7. Cheekwood Botanical Garden
The 55-acre botanical garden is a perfect retreat from the hustle and bustle of the city. This Japanese-style landscape garden includes ponds, small hills, fountains, and an art museum in addition to various plants.
8. Andrew Jackson’s Hermitage
The Hermitage was the plantation and house of the seventeenth president of the United States, Andrew Jackson. When Jackson and his wife chose this as a site, they commissioned to build a Federal-style building with bricks. But after a fire broke out in the house and caused severe damage, a new building was built in Greek Revival style (current). Of the 400 ha plantation, 200 ha was only for producing cotton, whereas the rest of the land was used to produce other crops and to breed and train the racehorses. The tomb of Jackson and his wife are also located in the Hermitage garden, whereas the mansion now serves as a museum.
A full-scale replica of the Parthenon in Athens, the Parthenon in Nashville was built in 1897 as a part of the Tennessee Centennial Exposition in Centennial Park. Nashville is nicknamed ‘Athens of the South’ due to its dedication to higher studies, just like Athens in Greece was recognized as the center of learning. This influenced architect William Crawford Smith to create a replica of The Parthenon. Parthenon in Nashville is now a museum where the statue of Athena Parthenos and other artworks are displayed.

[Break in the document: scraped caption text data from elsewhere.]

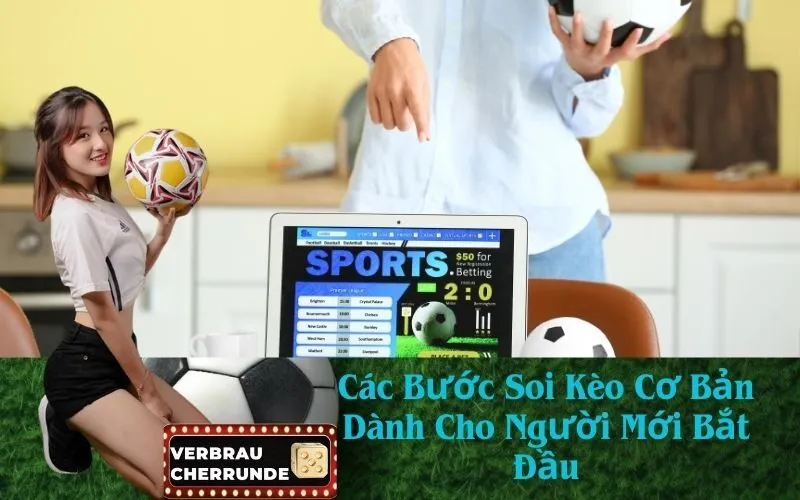 Các Bước Soi Kèo Cơ Bản Dành Cho Người Mới Bắt Đầu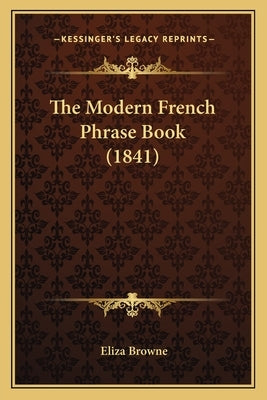 The Modern French Phrase Book (1841) by Browne, Eliza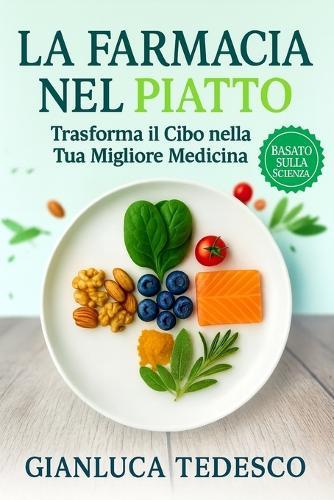 La Farmacia Nel Piatto: Come Trasformare il Cibo nella Tua Migliore Medicina. I Segreti dei Cibi che Guariscono Davvero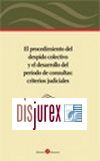 El procedimiento del despido colectivo y el desarrollo del periodo de consultas: criterios judiciales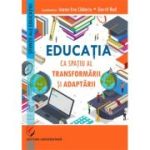 Educatia ca spatiu al transformarii si adaptarii - Gavril Rad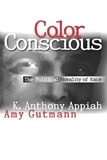 Kwame Anthony Appiah - Color Conscious: The Political Morality of Race.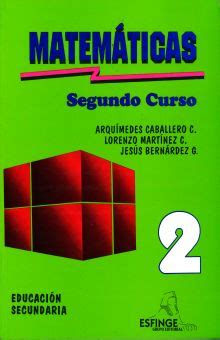 6+ productos, que aparecen en libro de matematicas de ro de secundaria. MATEMATICAS SEGUNDO CURSO LIBRO. SECUNDARIA / 10 ED ...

10. John Seigenthaler Pedestrian Bridge
Known as the longest pedestrian bridge in the world, John Seigenthaler Pedestrian Bridge is a truss bridge that spans 960 meters over the Cumberland River. The bridge has four steel trusses and two reinforced concrete trusses. The 11-meter wide bridge has lanes for bicycles and seatings. The bridge is widely known as Nashville’s iconic landmark.
11. Fort Nashborough
Fort Nashborough was established by James Robertson in 1779, overlooking the Cumberland River, as a settlement that would become the city of Nashville. Wood obtained from the surrounding dense woods was used to build the two-story stockade surrounded by log cabins. The entire structure was constructed without the use of metal nails or fixtures. As the continuous attacks of the war led to the abandonment of the fort, a replica of the fort was thus constructed in the 1930s, and later, again in 1962, which got destroyed too in 2015. In 2017, an interpretive center opened on the site.
12. AT&T Building
Famously known as the ‘Batman Building’, the AT&T building is the tallest building in the state of Tennessee standing at 188 meters. The Batman building has earned this nickname due to its distinctive design and dark color, resembling the cowl of the character – Batman.
13. The Gulch
The Gulch neighborhood in the city of Nashville is the first LEED-ND certified community in the American South and one of the few in the US to achieve that certification. The Gulch has achieved this status due to its excellent walkability, connectivity, and public transportation. Once known as Nashville’s bustling railroad yard, after World War II impacted the activity, the area was sparsely occupied for 50 years. This ultimately opened opportunities to design the now vibrant city.
14. Music Row
Music Row, the heart of Nashville, is a historic area in the downtown, and home to the city’s musical heritage. Several businesses and attractions like RCA Studio B, Owen Bradley Park, and offices of recording studios, music licensing firms, video production houses, record labels, as well as publishing houses line up the Music Row area.
15. Mural Walk
Not only is Nashville famous for music, but also for the street art, which travelers come to see from all over the world. Street art or mural art continues to come up on every wall of the city, transforming the cultural fabric as well the architectural façade and urbanscape of Nashville.